California paper renews rumors of missile in Flight 800 crash

NEW YORK (AP) — Federal investigators on Monday disputed the latest report that TWA Flight 800 may have been downed by a missile, saying the evidence doesn’t support that conclusion.
A joint statement from the FBI and the National Transportation Safety Board came after the Press-Enterprise of Riverside, Calif., said newly disclosed evidence “points to a missile” in the July 17 crash into the Atlantic Ocean off Long Island that killed all 230 people board the jumbo jet.
The newspaper cited reddish stains on seat fabric that it said contained chemicals consistent with solid-fuel propellant. It also said sources “inside the investigation” provided documents from the FBI and NTSB indicating that a dummy-warhead missile may have smashed through the plane.
The FBI and NTSB said that while it wasn’t policy to comment on every piece of evidence, “it can be stated that the information in the articles contains numerous factual and interpretive errors.”
“The articles’ resulting conclusions are not supported by the facts,” the statement said.
The newspaper said Monday that theories center on either a terrorist missile or friendly fire — “possibly a secret Navy weapons test gone wrong.”
The resurrection of the friendly-fire theory brought a new round of strenuous denials by government investigators.
Navy officials reiterated that no weapons tests were conducted off New York’s Long Island that evening. They say there is no way the peacetime Navy could cover up an event that would be known in minutes by hundreds of people.
The FBI and NTSB have condemned earlier versions of the friendly-fire theory as bunk, but such speculation has thrived on the Internet.
The Press-Enterprise said its inquiry suggested a missile hit the plane on the right side in front of the wing and ripped through the cabin, leading to a massive explosion or fire in the center fuel tank.
James Kallstrom, assistant FBI director and chief of the investigation, told the newspaper the stains on seat fabric were not from rocket fuel.
“It has no connection to a missile… there’s a logical explanation but I’m not going to get into it,” Kallstrom was quoted as saying.
Investigators have refused to rule out three theories — a bomb, a missile or mechanical failure– on what brought down the Paris-bound jet.
The newspaper’s findings relied heavily on information supplied by James Sanders, a retired California policeman and auto-accident investigator who has probed the crash on his own.
Sanders, whose wife works for TWA, said he became engrossed in the crash after sources in the investigation gave him documents and pieces of seat fabric.
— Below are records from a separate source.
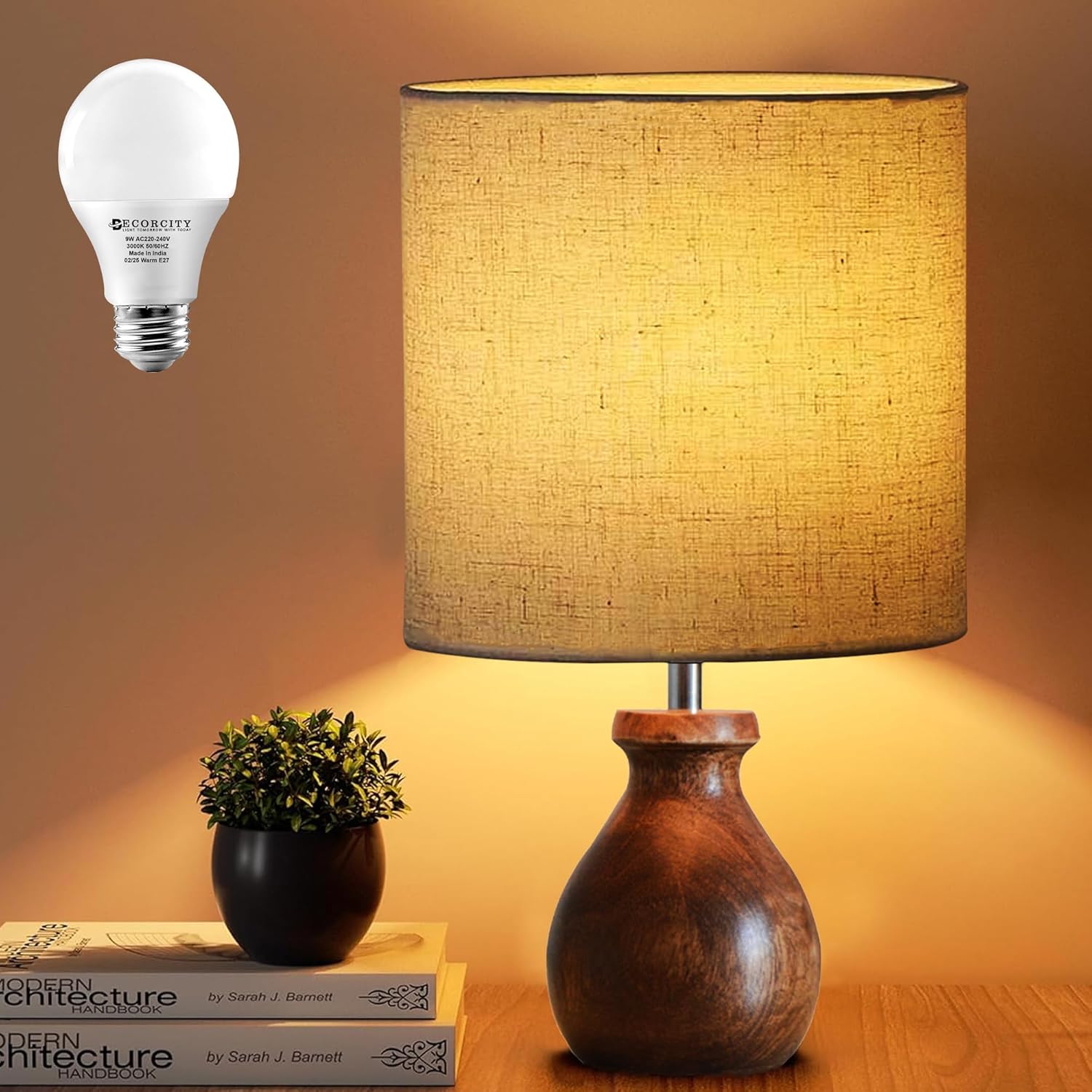 Mini Farmhouse Wooden Dome Dowel Pot Table Lamps Vintage Small Lamps Decorative for Small Spaces Bedside Lamps Suitable for Nightstand Children's Room or University Dormitory Beige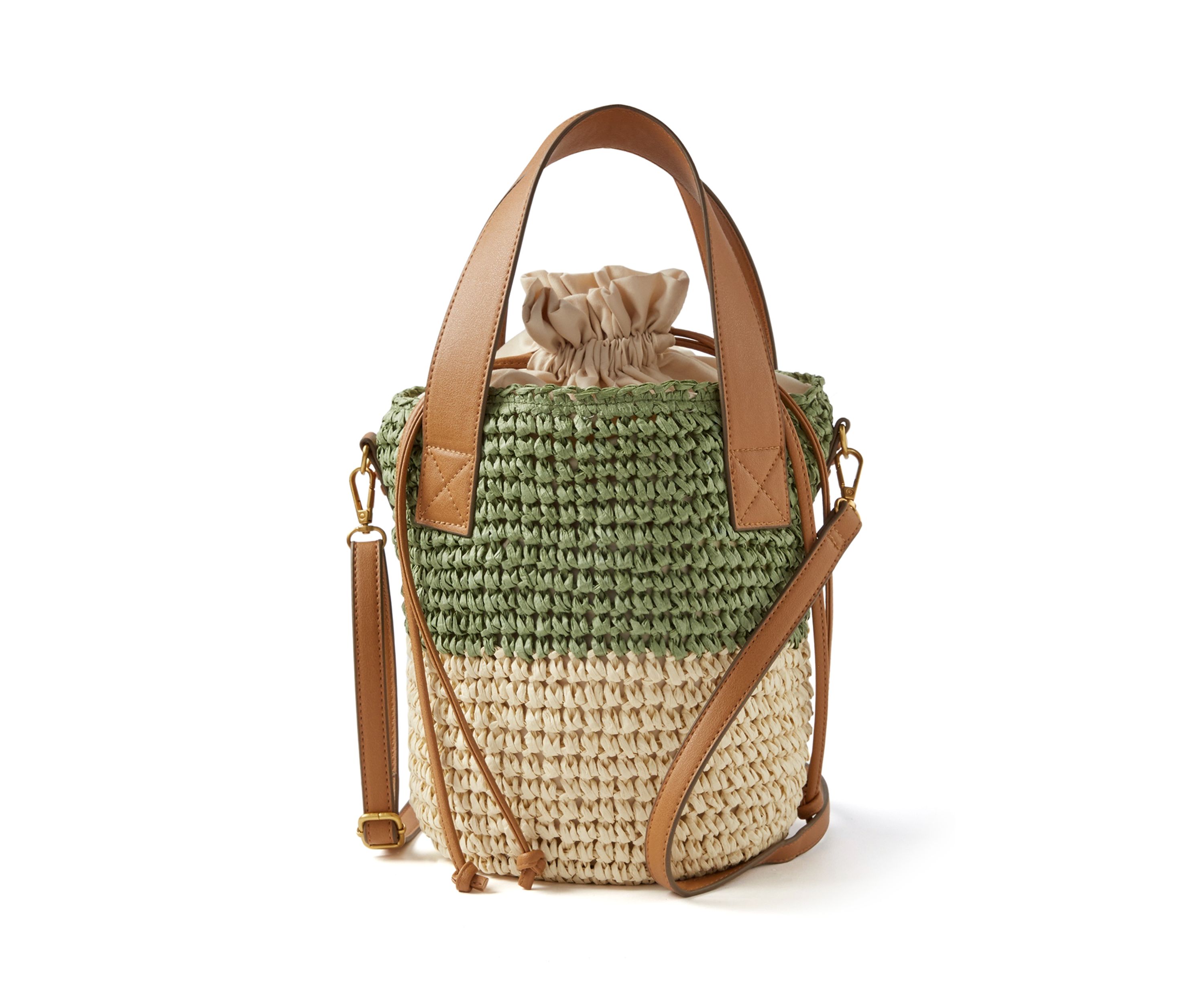 Straw Bucket Bag with Contrasting Trim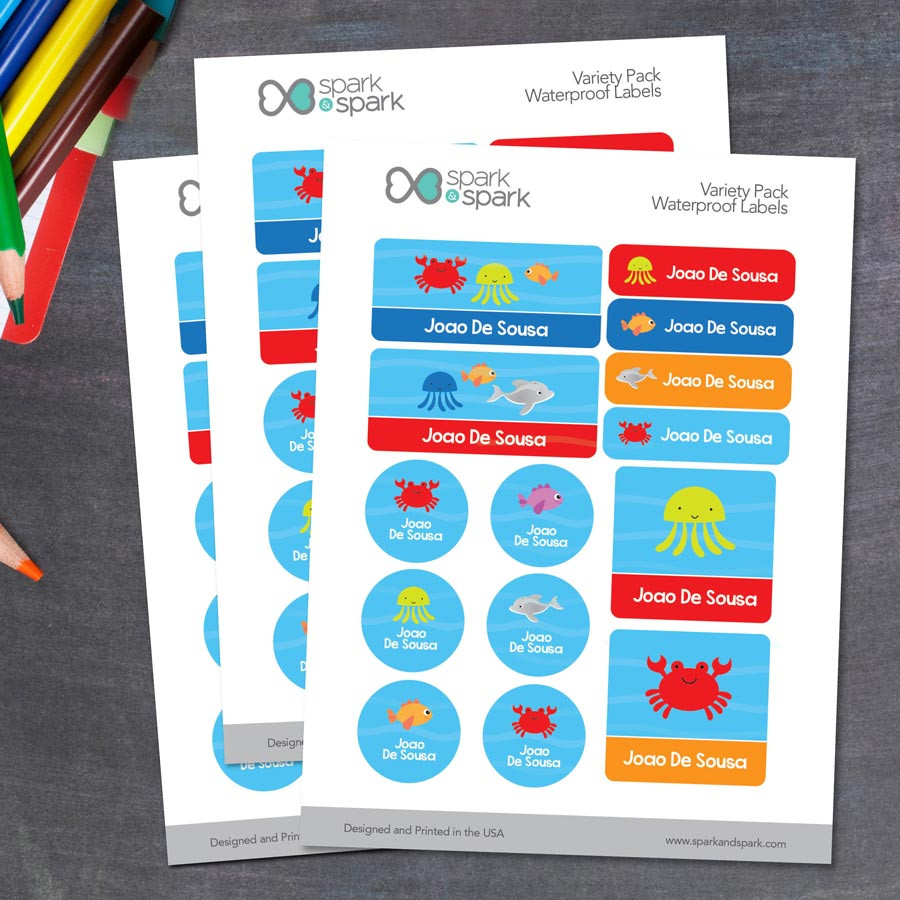 Cute Underwater Animals Waterproof Labels Variety Pack (Set of 56)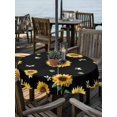 thumbnail image 2 of Outdoor Tablecloths with Umbrella Hole & Zipper, Vintage Sunflowers Round Tablecloths 60 Inch, Elegant Pastoral Botanical Watercolor Waterproof Table Cloth, Patio/Pool/Picnic Table Covers, 2 of 8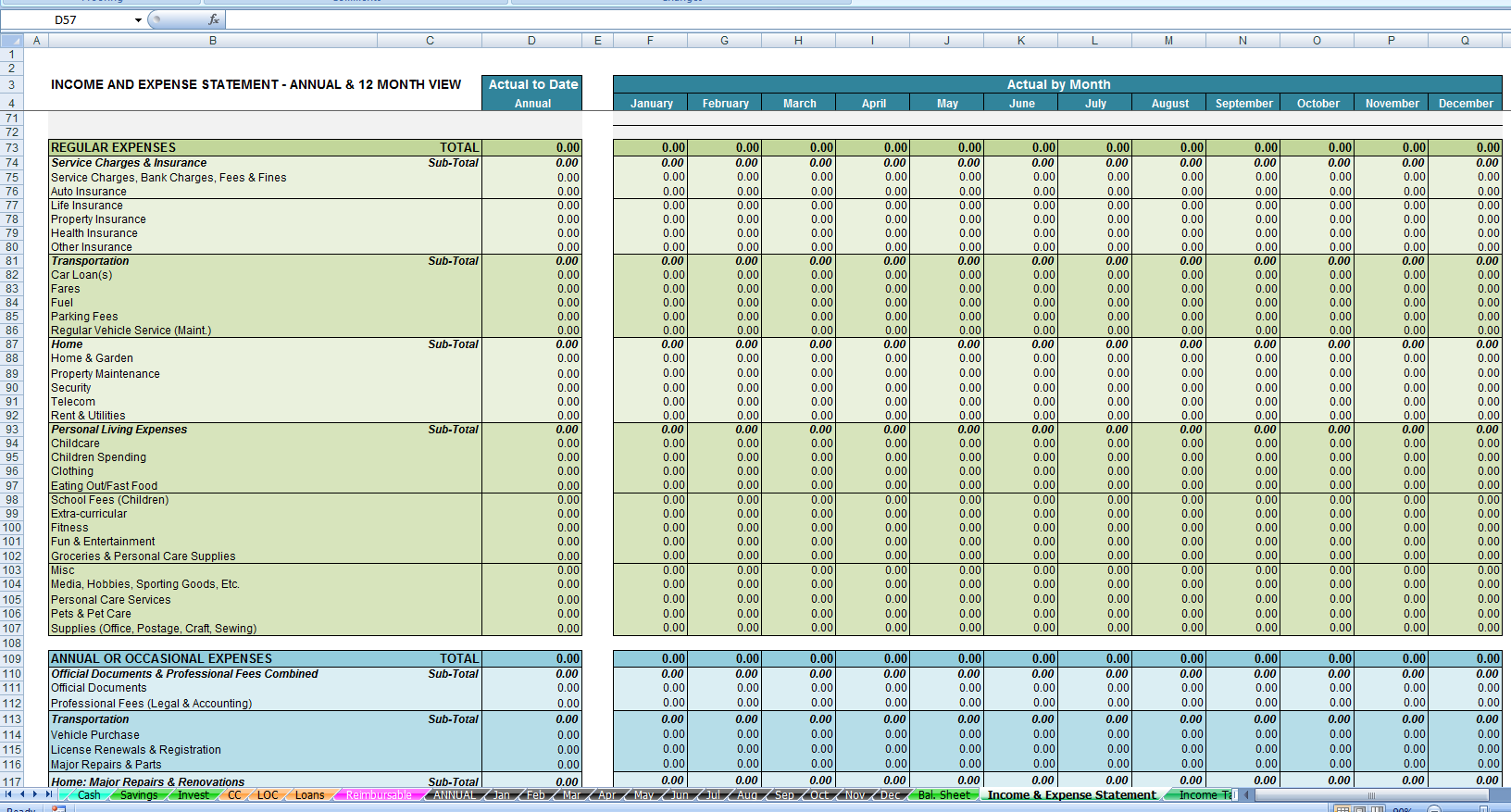 Home Budget Ledger Template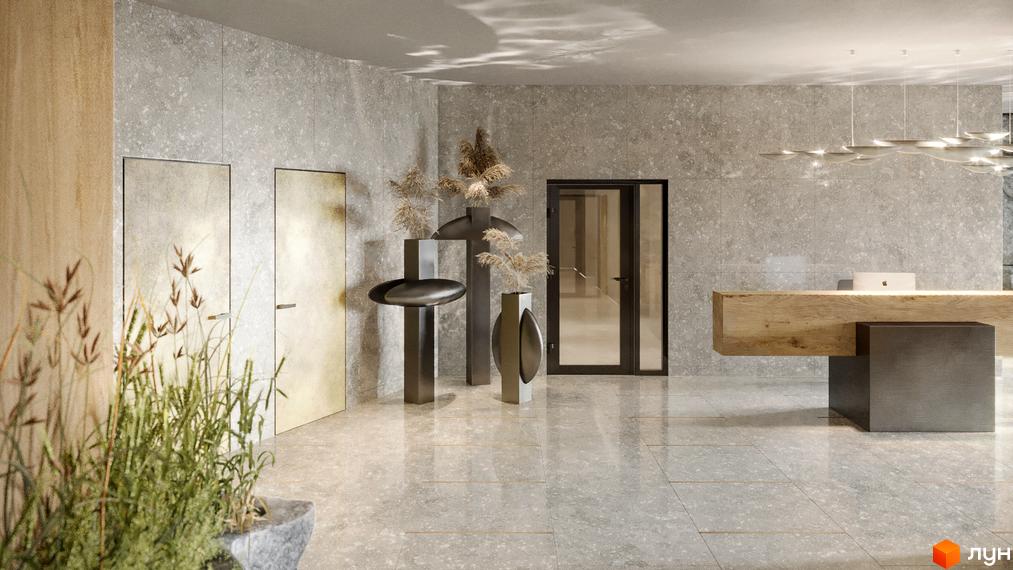 Інтер'єр холу у Будівельному проєкті Fjord: стійка рецепції з дерева та сірі стіни. Дизайнерські вази та рослини додають затишку.
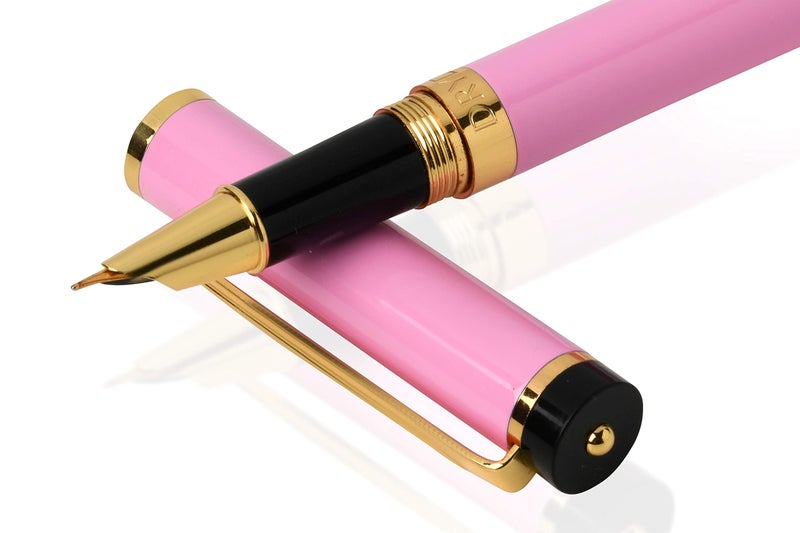 Dryden Designs Fountain Pen - Medium and Fine Nibs | Includes 24 Ink Cartridges and Ink Refill Converter | Consistent Writing, Smooth Flow - Luscious Pink - Image 4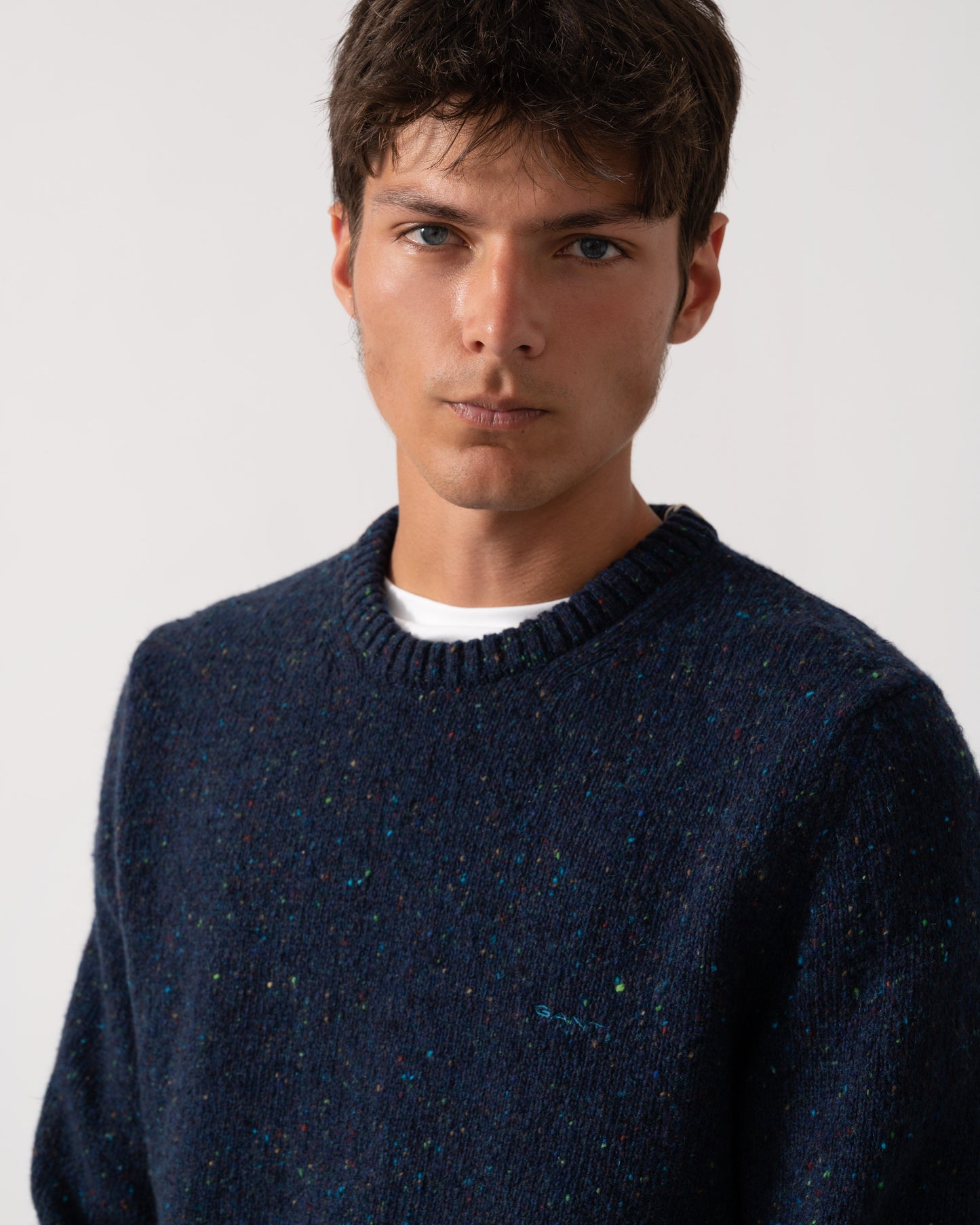 GANT Mens Neps Wool Crew Neck Jumper - 433 Evening Blue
Sanders said he had the cloth analyzed.
The newspaper also said unexplained blips on FAA radar tapes may be the track of a missile racing toward the jet.
It said Richard Russell, a retired United Airlines pilot who has espoused the Navy missile theory since August, owned the tape and would make it public this week. In a phone interview at his home in Daytona, Fla., Russell said he did not plan to release the tapes, but that the French magazine Paris-Match would publish three frames this week showing a blip closing at high speed on TWA 800.
Investigators have refused to rule out three theories — a bomb, a missile or mechanical failure — on what brought down the Paris-bound jet.